MIT Team Places Sixth at International DARPA Robotics Challenge

CSAIL team just misses winning the grand prize after programming a 400-lb humanoid robot to lift beams, climb stairs, and drive a car.

Video and photo by Lillie Paquette; Written by Adam Conner-Simons

After three years, two months, and 650,000 lines of code, a team of researchers from MIT’s Computer Science and Artificial Intelligence Lab (CSAIL) stood proudly with their humanoid robot in a sporting arena surrounded by thousands of spectators. They were just one step away from winning the $2 million grand prize at an international competition that many have been calling “the Robot Olympics.”

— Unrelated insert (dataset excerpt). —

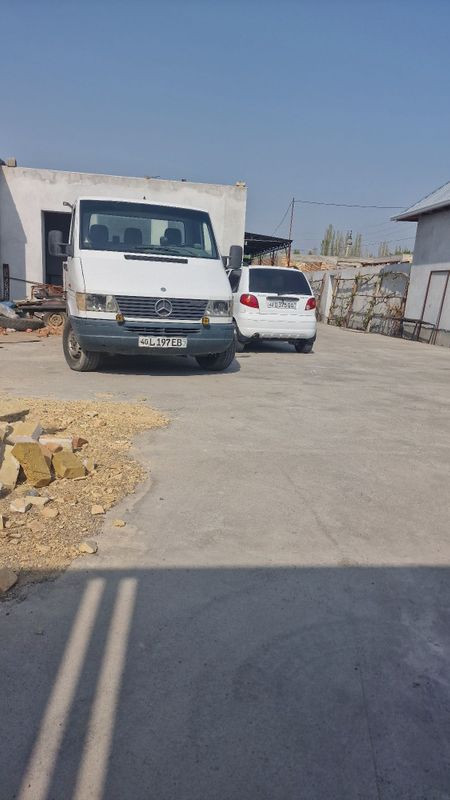 Mersadas benz siprenter bortavoy Mersadas benz siprenter bortavoy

Granted, that last step was a rather large one: getting a 6’2’’, 400-pound humanoid robot to open a door, rotate a valve, turn on a power tool, drill a hole in a wall, climb stairs, scramble over cinder blocks, and drive a car — all in the space of an hour.

“This is, without a doubt, the most ambitious project that any of us have ever undertaken,” says Professor Russ Tedrake, the CSAIL principal investigator who led the team’s efforts at the DARPA Robotics Challenge (DRC) finals, which took place June 5-6 at the Fairplex in Pomona, California. “From perception to motion-planning to manipulation, the breadth and depth of challenges have forced us to think creatively, program nimbly — and sleep sporadically.”

The CSAIL team finished mere inches away from winning the competition, ultimately earning sixth place out of 25 teams. The Pentagon-sponsored event was aimed at developing mobile robots to perform useful tasks in disaster-relief situations, and was inspired by the 2011 Fukushima nuclear disaster.